====== PROVIDED MATERIAL ======
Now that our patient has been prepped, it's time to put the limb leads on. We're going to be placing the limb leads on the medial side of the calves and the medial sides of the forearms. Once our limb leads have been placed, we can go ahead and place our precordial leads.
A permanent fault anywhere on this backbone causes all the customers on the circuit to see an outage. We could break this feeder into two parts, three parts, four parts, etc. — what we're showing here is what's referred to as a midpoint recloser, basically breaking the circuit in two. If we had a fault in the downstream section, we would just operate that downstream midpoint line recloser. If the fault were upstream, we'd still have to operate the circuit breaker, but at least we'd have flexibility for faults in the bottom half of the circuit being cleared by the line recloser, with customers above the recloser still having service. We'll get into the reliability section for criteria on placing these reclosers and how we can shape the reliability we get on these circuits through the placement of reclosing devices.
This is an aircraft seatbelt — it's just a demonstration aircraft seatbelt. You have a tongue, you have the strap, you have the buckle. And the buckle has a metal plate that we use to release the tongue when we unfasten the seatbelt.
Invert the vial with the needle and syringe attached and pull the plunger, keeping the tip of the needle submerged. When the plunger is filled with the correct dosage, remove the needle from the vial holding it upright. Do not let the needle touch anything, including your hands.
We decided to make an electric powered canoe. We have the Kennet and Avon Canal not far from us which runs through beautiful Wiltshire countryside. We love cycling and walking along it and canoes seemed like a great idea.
======
====== PROVIDED MATERIAL ======
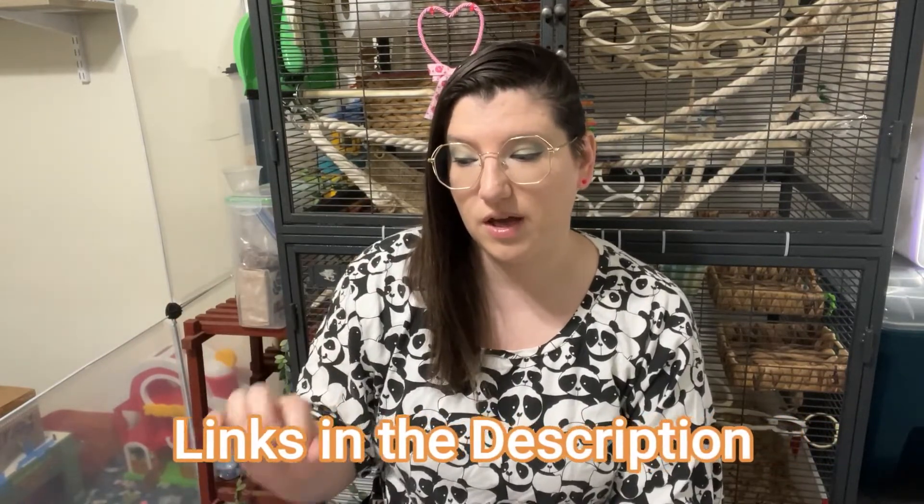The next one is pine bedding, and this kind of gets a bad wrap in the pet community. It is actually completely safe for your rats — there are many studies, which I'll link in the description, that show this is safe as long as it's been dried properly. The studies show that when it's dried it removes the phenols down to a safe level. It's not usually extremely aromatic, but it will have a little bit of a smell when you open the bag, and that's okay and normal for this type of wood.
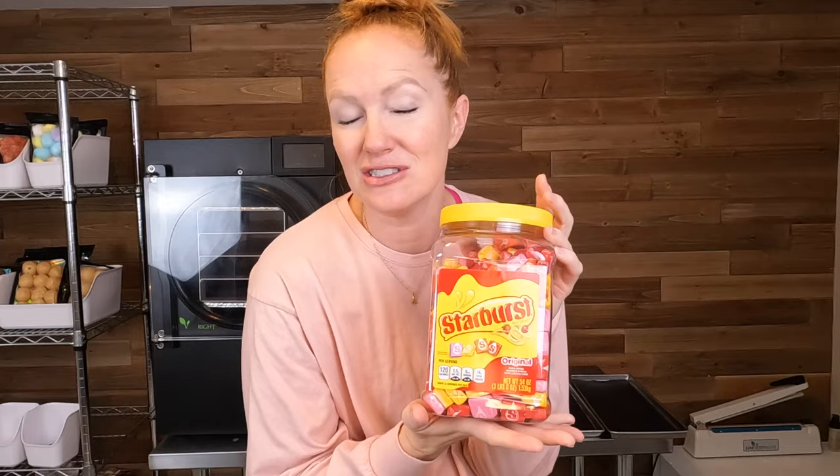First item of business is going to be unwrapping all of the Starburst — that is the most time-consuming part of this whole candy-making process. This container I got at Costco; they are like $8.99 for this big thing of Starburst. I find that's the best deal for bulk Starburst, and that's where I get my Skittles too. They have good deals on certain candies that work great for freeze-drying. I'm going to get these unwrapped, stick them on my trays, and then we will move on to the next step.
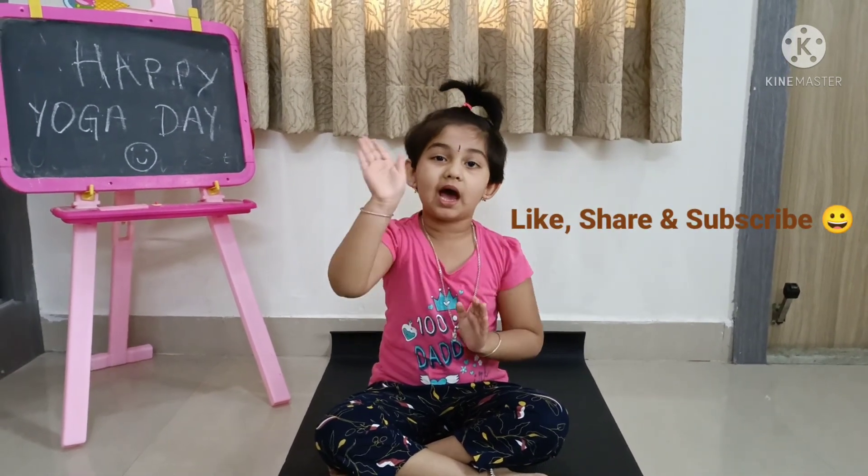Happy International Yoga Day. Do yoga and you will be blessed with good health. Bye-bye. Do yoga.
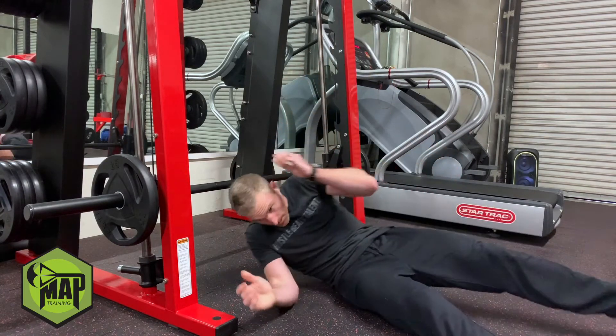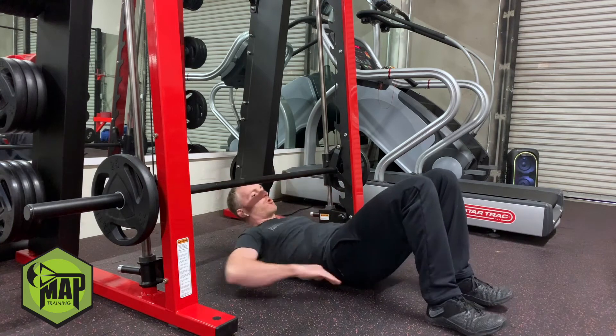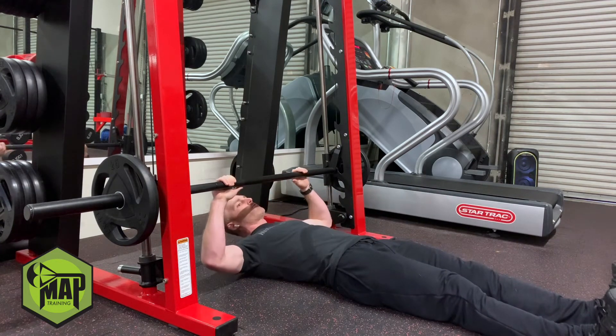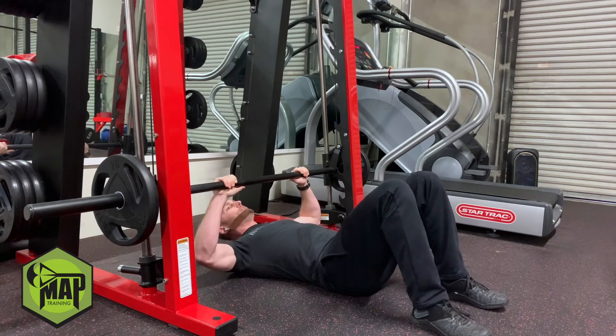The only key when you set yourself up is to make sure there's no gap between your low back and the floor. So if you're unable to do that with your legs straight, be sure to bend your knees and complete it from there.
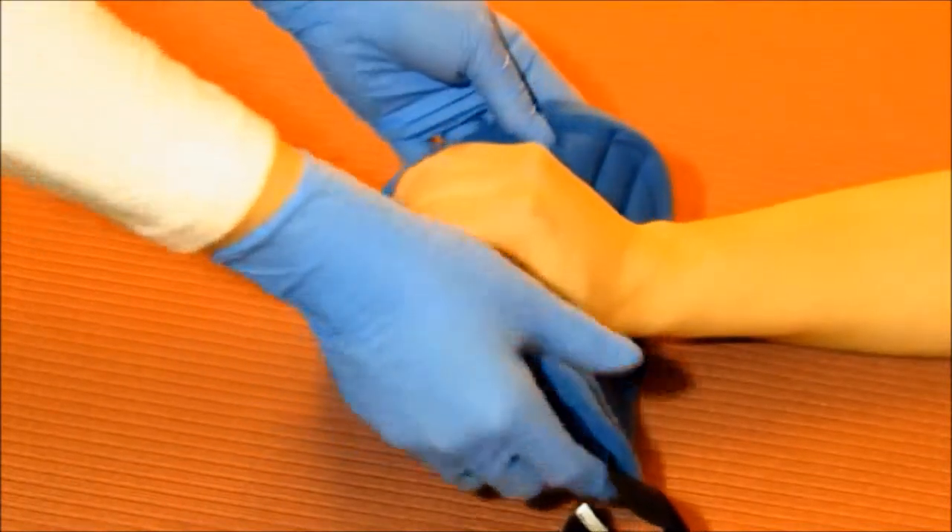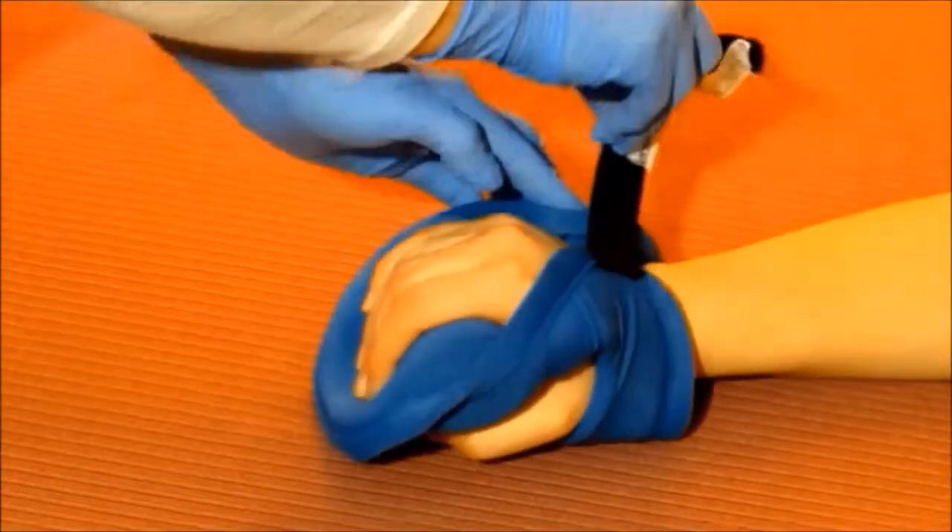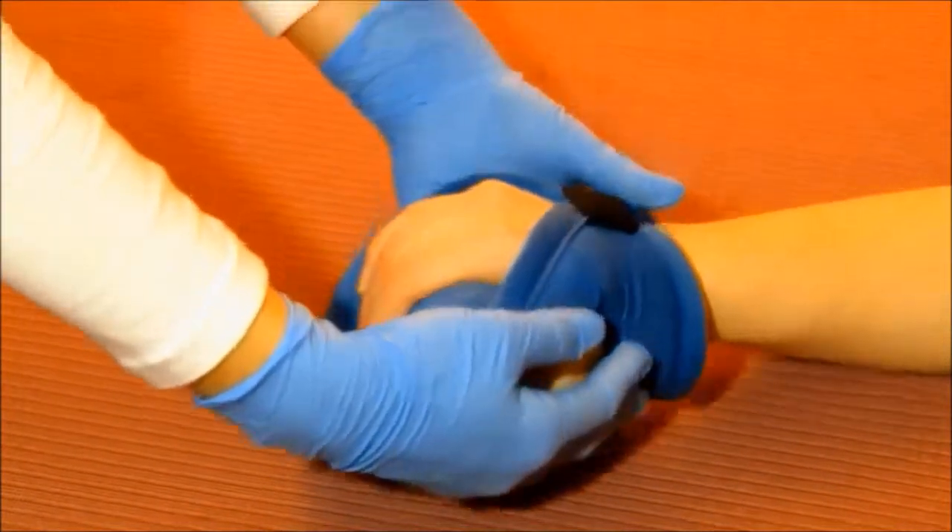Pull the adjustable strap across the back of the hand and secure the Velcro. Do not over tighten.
======
====== PROVIDED MATERIAL ======
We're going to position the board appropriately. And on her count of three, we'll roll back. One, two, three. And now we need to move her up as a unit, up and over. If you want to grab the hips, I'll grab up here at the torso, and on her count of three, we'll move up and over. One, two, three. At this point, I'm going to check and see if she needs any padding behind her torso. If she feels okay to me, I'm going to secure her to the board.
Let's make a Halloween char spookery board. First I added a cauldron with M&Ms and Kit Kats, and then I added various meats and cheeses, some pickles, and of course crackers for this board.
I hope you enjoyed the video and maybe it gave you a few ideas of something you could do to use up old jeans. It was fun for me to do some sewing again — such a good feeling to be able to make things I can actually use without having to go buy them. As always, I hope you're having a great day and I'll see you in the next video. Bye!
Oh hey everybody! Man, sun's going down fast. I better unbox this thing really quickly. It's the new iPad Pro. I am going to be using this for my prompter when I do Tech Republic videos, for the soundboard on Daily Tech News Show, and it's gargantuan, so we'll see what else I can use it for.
======
• WHAT YOU NEED TO DO: In the listing above, find the line holding "Now that our" and the line holding "We decided to", then output those two lines and every line between them exactly.

• SOLUTION TO THE PROBLEM:
Now that our patient has been prepped, it's time to put the limb leads on. We're going to be placing the limb leads on the medial side of the calves and the medial sides of the forearms. Once our limb leads have been placed, we can go ahead and place our precordial leads.
A permanent fault anywhere on this backbone causes all the customers on the circuit to see an outage. We could break this feeder into two parts, three parts, four parts, etc. — what we're showing here is what's referred to as a midpoint recloser, basically breaking the circuit in two. If we had a fault in the downstream section, we would just operate that downstream midpoint line recloser. If the fault were upstream, we'd still have to operate the circuit breaker, but at least we'd have flexibility for faults in the bottom half of the circuit being cleared by the line recloser, with customers above the recloser still having service. We'll get into the reliability section for criteria on placing these reclosers and how we can shape the reliability we get on these circuits through the placement of reclosing devices.
This is an aircraft seatbelt — it's just a demonstration aircraft seatbelt. You have a tongue, you have the strap, you have the buckle. And the buckle has a metal plate that we use to release the tongue when we unfasten the seatbelt.
Invert the vial with the needle and syringe attached and pull the plunger, keeping the tip of the needle submerged. When the plunger is filled with the correct dosage, remove the needle from the vial holding it upright. Do not let the needle touch anything, including your hands.
We decided to make an electric powered canoe. We have the Kennet and Avon Canal not far from us which runs through beautiful Wiltshire countryside. We love cycling and walking along it and canoes seemed like a great idea.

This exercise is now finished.